You have errors which may explain why the file system goes read-only.

I’m not an expert on btrfs and note that btrfsck says that the --repair option can be dangerous. You need advice from an expert, hopefully @chrismurphy may be able to help you.

I’ll update the title to include btrfs in it.

Added btrfs

Let me complete by thought. I think the new kernel has better detection of errors in the file system and that is why the old kernel does not get upset.

That makes sense, and to be honest I was completely ready to accept that there were filesystem errors, I just couldn’t find any explanation as to why it was only happening under a certain kernel version, and that would explain it. It also likely confirms my suspicions that it’s not a problem likely to go away with later versions.

I’m also hesitant to btrfsck --repair as I’ve read the same issue, so may wait for Chris to respond. If nothing else I would imagine the safest method would be to boot from a live USB and run it from there, with the filesystem unmounted.

Fixing while its mounted is a no-no!

1 Like

It will almost certainly kill the file system.

6.10.9 does have a patch btrfs: tree-checker: validate dref root and objectid, commit fbaafe4c8f7904afa7fe413d2f0f465c5b878aea

So that’s why this is being caught by 6.10.9 and not 6.10.8 or older.

Checking with upstream about the btrfs check.

File system is mounted so I’m not entirely certain the btrfs check is reliable.

Can you either boot with parameter

rd.break=pre-mount

and then at the prompt

btrfs check nvme0n1p6

(Or boot from a Fedora Live USB stick, and run that command.)

Yup understood, that’s why I said if anything I would do it from a live USB with the fs unmounted. I’ll try running btrfs check on it from a Live USB but it’ll probably have to be tonight, as this machine is my primary work computer :slight_smile:

Thank you both for your help with this, will report back with what I find

I suggest freshening backups while you can. And limit the write time use of this file system.

The purpose of the read time tree checker is to force the file system read only to prevent further confusion from making it to disk. Continuing to run the file system read write risks the problem getting worse. I don’t know how fast that will happen.

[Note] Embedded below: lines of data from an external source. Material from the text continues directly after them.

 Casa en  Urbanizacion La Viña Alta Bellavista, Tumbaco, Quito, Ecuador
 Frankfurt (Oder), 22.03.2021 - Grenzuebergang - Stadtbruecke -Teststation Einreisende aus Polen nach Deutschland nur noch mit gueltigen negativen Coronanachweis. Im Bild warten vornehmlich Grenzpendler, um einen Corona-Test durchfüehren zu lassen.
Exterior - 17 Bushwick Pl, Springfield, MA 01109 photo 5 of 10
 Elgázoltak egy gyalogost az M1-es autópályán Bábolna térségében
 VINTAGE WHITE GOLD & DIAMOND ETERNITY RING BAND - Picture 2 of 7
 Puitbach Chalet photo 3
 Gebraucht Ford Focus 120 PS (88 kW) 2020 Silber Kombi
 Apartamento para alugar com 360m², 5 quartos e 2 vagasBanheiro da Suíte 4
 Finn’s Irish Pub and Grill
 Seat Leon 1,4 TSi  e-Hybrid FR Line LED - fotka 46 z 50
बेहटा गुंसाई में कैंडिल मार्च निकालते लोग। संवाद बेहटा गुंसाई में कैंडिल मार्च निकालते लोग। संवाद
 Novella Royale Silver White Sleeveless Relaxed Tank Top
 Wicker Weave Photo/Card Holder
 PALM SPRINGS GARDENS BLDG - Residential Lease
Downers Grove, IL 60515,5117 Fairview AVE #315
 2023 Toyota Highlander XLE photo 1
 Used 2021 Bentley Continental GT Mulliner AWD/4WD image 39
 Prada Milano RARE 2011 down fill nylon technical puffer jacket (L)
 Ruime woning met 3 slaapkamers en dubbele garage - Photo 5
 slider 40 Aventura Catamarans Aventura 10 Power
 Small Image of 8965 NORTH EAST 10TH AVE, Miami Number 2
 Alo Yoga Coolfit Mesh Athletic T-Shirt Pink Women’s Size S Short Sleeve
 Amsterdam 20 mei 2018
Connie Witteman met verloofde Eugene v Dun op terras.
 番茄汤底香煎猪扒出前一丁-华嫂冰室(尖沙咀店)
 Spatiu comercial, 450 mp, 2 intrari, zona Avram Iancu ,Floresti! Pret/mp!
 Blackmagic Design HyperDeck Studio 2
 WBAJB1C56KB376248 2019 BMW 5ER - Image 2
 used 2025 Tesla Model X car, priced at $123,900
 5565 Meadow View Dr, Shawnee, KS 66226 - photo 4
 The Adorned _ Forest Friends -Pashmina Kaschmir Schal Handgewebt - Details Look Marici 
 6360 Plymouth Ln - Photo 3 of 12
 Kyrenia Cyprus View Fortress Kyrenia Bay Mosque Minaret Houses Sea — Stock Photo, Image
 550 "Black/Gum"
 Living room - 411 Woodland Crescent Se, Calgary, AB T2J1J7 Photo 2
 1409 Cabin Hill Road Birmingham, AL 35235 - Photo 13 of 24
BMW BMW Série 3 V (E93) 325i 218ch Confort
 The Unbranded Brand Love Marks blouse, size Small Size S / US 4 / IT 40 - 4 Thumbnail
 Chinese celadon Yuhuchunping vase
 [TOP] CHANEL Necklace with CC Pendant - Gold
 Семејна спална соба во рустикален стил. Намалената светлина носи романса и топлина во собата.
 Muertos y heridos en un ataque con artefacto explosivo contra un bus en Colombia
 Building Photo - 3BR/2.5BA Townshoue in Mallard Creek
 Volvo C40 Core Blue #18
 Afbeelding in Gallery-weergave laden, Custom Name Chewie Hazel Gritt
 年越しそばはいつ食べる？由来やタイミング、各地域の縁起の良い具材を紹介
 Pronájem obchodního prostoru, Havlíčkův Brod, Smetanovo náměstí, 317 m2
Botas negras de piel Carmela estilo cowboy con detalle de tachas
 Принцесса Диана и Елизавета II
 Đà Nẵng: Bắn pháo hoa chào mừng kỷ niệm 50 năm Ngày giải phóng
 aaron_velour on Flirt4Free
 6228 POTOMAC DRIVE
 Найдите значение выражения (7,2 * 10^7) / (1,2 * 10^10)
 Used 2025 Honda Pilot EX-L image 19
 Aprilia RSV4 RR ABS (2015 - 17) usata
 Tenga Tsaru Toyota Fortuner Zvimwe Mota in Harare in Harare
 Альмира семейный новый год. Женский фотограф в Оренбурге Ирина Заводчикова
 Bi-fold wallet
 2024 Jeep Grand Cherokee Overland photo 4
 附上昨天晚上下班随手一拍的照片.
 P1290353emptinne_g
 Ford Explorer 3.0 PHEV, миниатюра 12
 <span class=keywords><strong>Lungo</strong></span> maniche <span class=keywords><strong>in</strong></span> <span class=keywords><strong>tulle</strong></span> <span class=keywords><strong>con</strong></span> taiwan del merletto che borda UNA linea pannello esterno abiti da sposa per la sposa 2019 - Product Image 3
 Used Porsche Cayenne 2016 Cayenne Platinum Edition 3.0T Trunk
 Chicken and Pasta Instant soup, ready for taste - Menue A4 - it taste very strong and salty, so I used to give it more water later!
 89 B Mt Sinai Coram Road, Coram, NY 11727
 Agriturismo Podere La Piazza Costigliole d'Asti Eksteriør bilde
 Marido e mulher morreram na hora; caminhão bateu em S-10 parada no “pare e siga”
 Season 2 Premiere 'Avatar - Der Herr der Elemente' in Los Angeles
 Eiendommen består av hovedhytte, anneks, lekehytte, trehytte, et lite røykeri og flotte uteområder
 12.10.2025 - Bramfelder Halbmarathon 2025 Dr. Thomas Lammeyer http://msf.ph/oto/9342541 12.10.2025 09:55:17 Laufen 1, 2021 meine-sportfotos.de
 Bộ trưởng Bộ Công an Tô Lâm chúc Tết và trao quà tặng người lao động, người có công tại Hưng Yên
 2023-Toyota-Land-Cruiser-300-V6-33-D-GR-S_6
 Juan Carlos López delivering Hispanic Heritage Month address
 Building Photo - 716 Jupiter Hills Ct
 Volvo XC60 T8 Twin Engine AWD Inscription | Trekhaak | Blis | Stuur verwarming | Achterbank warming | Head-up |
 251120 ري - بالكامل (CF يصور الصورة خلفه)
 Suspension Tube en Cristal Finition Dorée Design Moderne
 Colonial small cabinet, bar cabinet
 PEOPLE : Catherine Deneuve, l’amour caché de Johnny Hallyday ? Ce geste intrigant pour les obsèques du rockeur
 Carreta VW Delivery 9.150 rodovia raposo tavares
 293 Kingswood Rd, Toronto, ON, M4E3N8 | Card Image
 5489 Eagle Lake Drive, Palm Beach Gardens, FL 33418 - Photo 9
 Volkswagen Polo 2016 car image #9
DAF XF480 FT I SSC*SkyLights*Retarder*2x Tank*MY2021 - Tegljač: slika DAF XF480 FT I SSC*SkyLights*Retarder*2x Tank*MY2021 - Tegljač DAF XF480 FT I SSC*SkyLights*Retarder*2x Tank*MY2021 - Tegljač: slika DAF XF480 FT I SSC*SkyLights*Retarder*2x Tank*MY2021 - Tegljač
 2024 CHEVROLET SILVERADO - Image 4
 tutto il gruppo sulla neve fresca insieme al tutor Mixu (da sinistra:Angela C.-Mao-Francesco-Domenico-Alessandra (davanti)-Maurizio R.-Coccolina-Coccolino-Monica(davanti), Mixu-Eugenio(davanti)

Also if you reboot with rd.break=pre-mount boot parameter (edit the boot entry in GRUB), this will permit you to run the check with the Btrfs file system unmounted. But you’ll need to take a cell phone photo of it since you won’t have copy paste.

btrfs check --mode=lowmem nvme0n1p6

The lowmem mode runs through some different code for the check (it isn’t only for lowmem situations) and is slower, but might give more relevant results. So use that and take a photo and put that up somewhere, if you can.

This is what I did after I realized there is a problem. The exact steps were:

  1. Booting into 6.10.9, the filesystem goes into readonly after a few minutes. Panic…
  2. Booting into 6.10.7 (this was the latest working kernel on my system), running btrfs check --readonly on mounted fs, it showed the same tyoe of problems you shared in your other reply (regerencer count, bytenr and whatnot)
  3. After a lot of consideration, googling and doing a backup, I booted into a livecd and did btrfs check --repair Fortunately, it could fix the corruption without causing further damage
  4. Booted into 6.10.7, the system worked without any problems
  5. Booted again into 6.10.9, the fs again changed into readonly mode after a few minutes
  6. Repeated steps 2-3, the system was good again if I used 6.10.7

Sorry for being long but this is why I think @barryascott was probably not right when he wrote in the other reply that this might be a sign of fs corruption that is not detected while booted into older kernels, since the problem gets clearly detected while booted into 6.10.7, gets corrected in LiveCD (iirc 6.8.something), and reappears again when booted into 6.10.9.

BTW, I just updated to 6.10.10 and it seems to be working fine. It is up for more than an hour now - no BTRFS related errors during boot and I’m running dmesg -W since login and shows nothing so far.